Tube strike, what tube strike? Congratulations on national BBC TV news last night for hardly mentioning the tube strike, big boo's to BBC Online who had it as a second lead.  Yesterday there was a tube strike in London and it had an impact on commuters and tourists traveling through or into London but as an interesting national story it didn't, as the hacks in Fleet Street I used work with would say; 'have legs' which by the way were the very thing I used to get to Euston from Liverpool Street yesterday.

When you work in a radio or TV newsroom and something personally happens to you it can be easy to use your own influence on the event.  I hold my hands up in guilt, in years past if I got stuck on a train through delays I would not only call up my radio stations travel centre and get them to bump the news of my train delay up but I have also been known to call my chums on 'other' stations to really give the rail company a good kicking.  Was it editorially justified? No it was not.
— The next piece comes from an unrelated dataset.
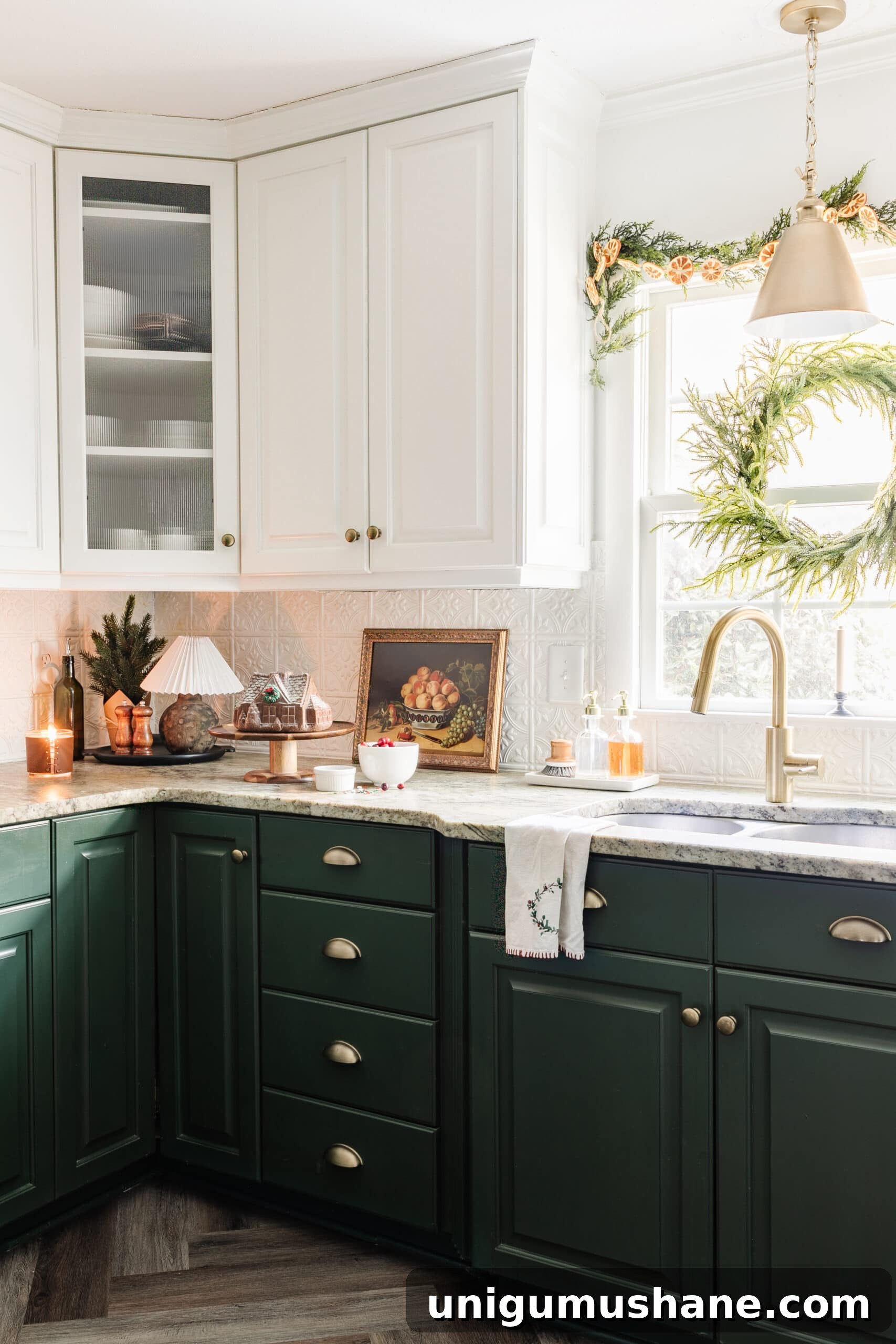 9 Quick Ways to Decorate Your Kitchen for Christmas 7 Christmas decor on a kitchen countertop and wreath and garland on window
So how do you decide whether you should run with a story like a tube strike? The first question to ask is how universal is the story? How many of your listeners or viewers are affected by it?  Heavy snow is a great universal story for local radio and TV but again a flake of snow in London gets national coverage whilst 2 foot of the stuff 'up north' doesn't bear a mention.  The answer to that of course is where do the Editors of BBC and ITV national news live?

So just how many Londoner's were inconvenienced yesterday? And how interested were they to hear or watch wall-to-wall coverage?
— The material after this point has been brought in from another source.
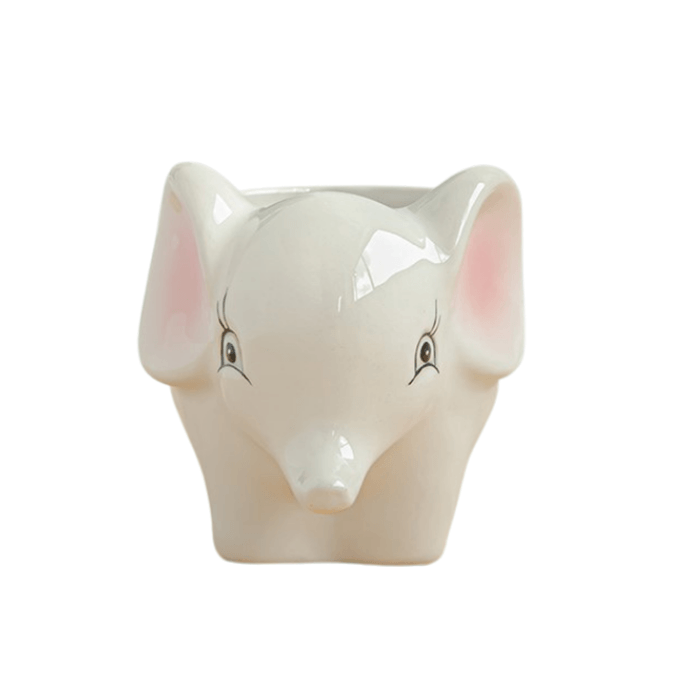 A cute porcelain elephant succulent pot with a smooth glazed finish, designed for indoor plants.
Finally on ITV News London last night a plucky reporter was standing 'live' on London Bridge trying to ask passers by about what they thought.  They just pushed past her intent on getting on with their lives as usual.  I wonder if someone in the gallery was thinking - perhaps this isn't such an interesting story after all?  (Pic above Bob Crowe RMT Union Leader)

1 comment:

james said...

Hmm. On average there are three million journeys. The tube strike materially affected more people than anything else in the news that day.

There are 7 million people in London. That's more than the entire population of Scotland. Yet Scotland has its own version of BBC1 and BBC2, doesn't have ITV at all (it has STV instead), and has Scottish versions of all the major newspapers. Odd, isn't it?